Would it make economic sense? How would you structure it to compensate those who would put in hundreds of hours of engineering time? Create a non-profit or a foundation to manage it? Release it all as open source to the community?
OK, shoot me down now. As the great analog electrical engineer Robert Pease used to say, "Show me where it says I (we) can't do this."
It seems logical that the main guts of the Intel chip set (CPU, north bridge, south bridge, RAM) probably live on that CPU tray board; are the signals that go off-board to the back plane pretty much standard interface signals like PCIe and SATA and USB? Because if that is true, would upgrading the chip set on the CPU tray instantly upgrade those standard buses, too? PCI 2.0 becomes 3.0? SATA 2 becomes SATA 3? USB 2.0 becomes USB 3? Thunderbolt would have to come off the board via connectors, perhaps to a slot opening. I was thinking the low risk approach would be to implement the Xeon-W series of the iMac Pro in a single processor configuration, which would leave room for NVME storage on the CPU tray board. Basically ride the coat-tails of the iMac Pro as far as MacOS compatibility.
Here are some of the possible pitfalls I can think of...
?? Maybe the existing chip set is split across the interface (south bridge is on back plane?) - would be difficult to mate that up to a modern chip set if so.
?? The existing CPU tray may have proprietary glue logic chips on it.
?? Apple stores low level driver code in a proprietary flash, I've heard; is that on the CPU tray board (probably)?
?? The iMac Pro uses Apple-specific SKU models of the Xeon-W's; would the more generalized Xeon-W processors available to the public work? The hackintosh community probably know the answer to this.
?? The signals that go across the connector are mostly standard, but can't run at higher speed due to circuit length / signal integrity limitations?
?? The system management controller circuitry is incompatible with a later chip set, or can't be easily reverse engineered to connect to later chip sets?
?? Who would have the necessary engineering tools for simulation and layout of cutting edge circuitry?

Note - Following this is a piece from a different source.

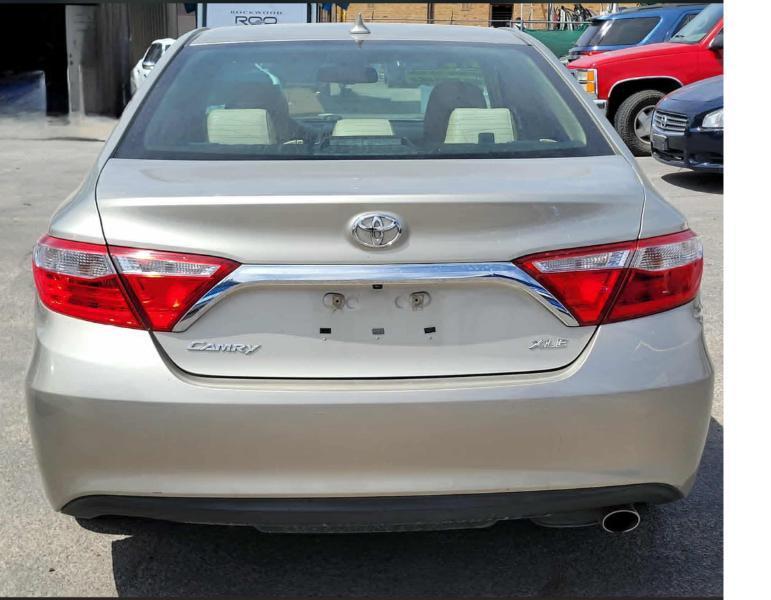 Toyota Camry SE 2017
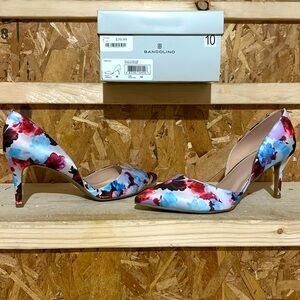 Gorgeous pumps with floral design.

?? Who in the community has anything close to the level of engineering knowledge for such a project? Anyone know any retired Apple engineers with a fondness for classic Mac Pro's?

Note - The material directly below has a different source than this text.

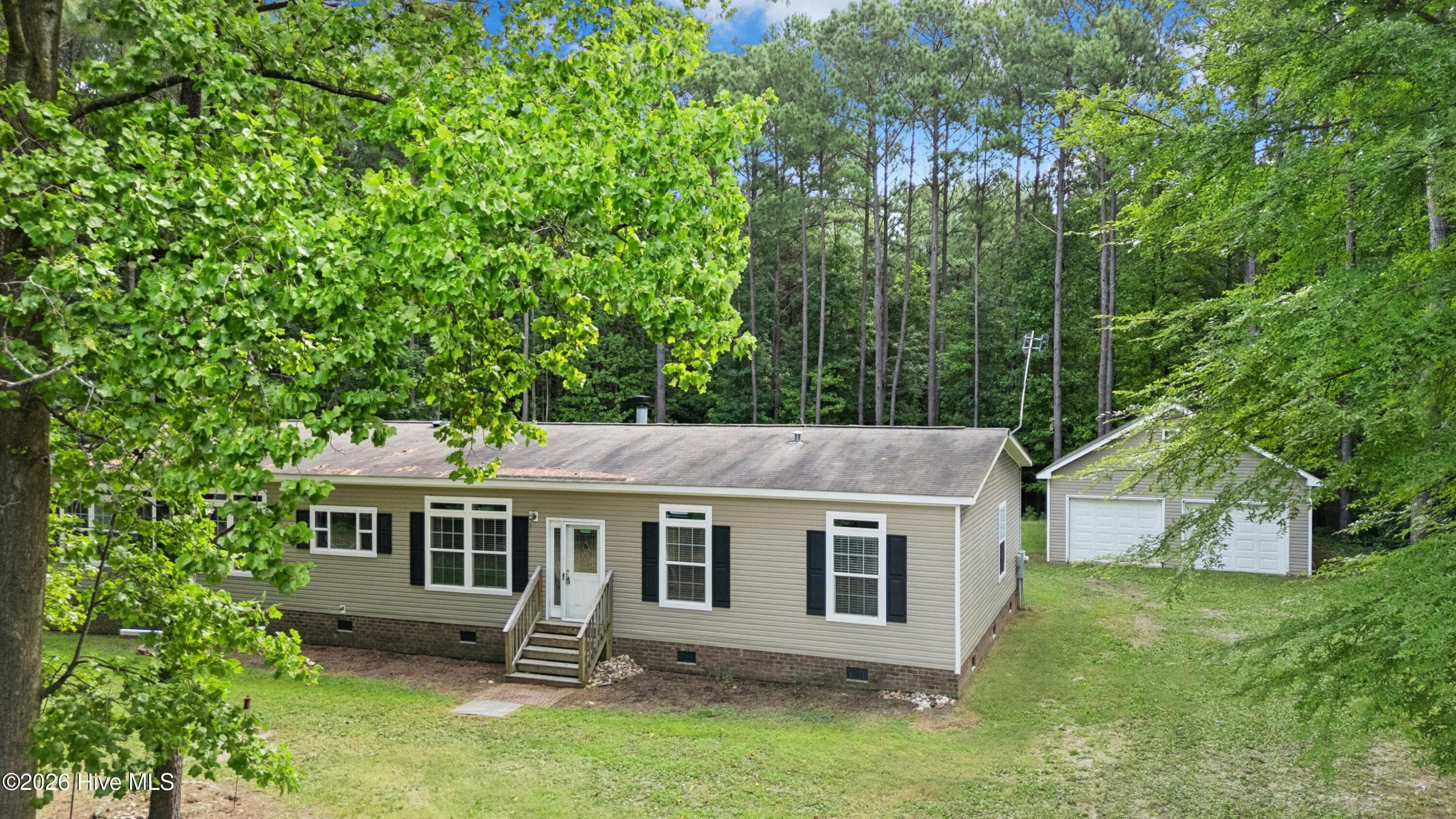 Manufactured Home at 8023 Tobiano Court, Lucama, NC 27851, photo 4 of 43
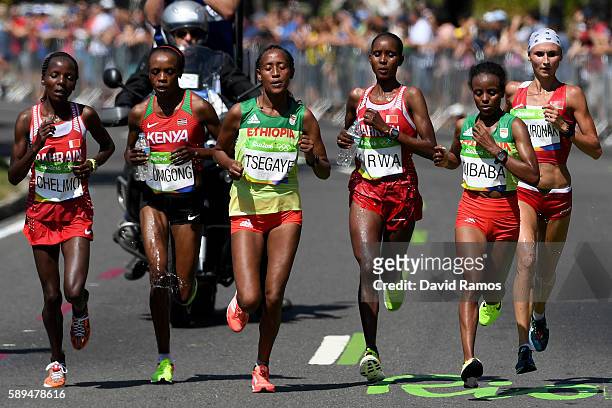 Rose Chelimo of Bahrain, Jemima Jelagat Sumgong of Kenya, Tirfi Tsegaye of Ethiopia, Eunice Jepkirui Kirwa of Bahrain, Mare Dibaba of Ethiopia, and...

?? Would macOS expect to find a T2 chip in any design that uses the same processor as an iMac Pro?
?? The process is possibly do-able, but would take so long when done by volunteers that the result would be obsolete by the time it was done.
Process
The whole process of creating such a board would take super-specialized knowledge: identify all the chips on the current CPU tray, come up with a physical model for the mounting points of the board and the heat sink, reverse engineer the current 5,1 circuitry (compare to vintage reference designs from Intel?), figure out all the signals on the connector, come up with a schematic for the later chip set that sends equivalent signals out on the connector (convince Intel to release reference design after signing a zillion NDAs?), lay out the new design, test and measure signal margins, iterate to fix bugs, set up a supply chain, arrange for contract manufacturing of what is probably a small run of a few thousand boards.
Would it make economic sense? How would you structure it to compensate those who would put in hundreds of hours of engineering time? Create a non-profit or a foundation to manage it? Release it all as open source to the community?
OK, shoot me down now. As the great analog electrical engineer Robert Pease used to say, "Show me where it says I (we) can't do this."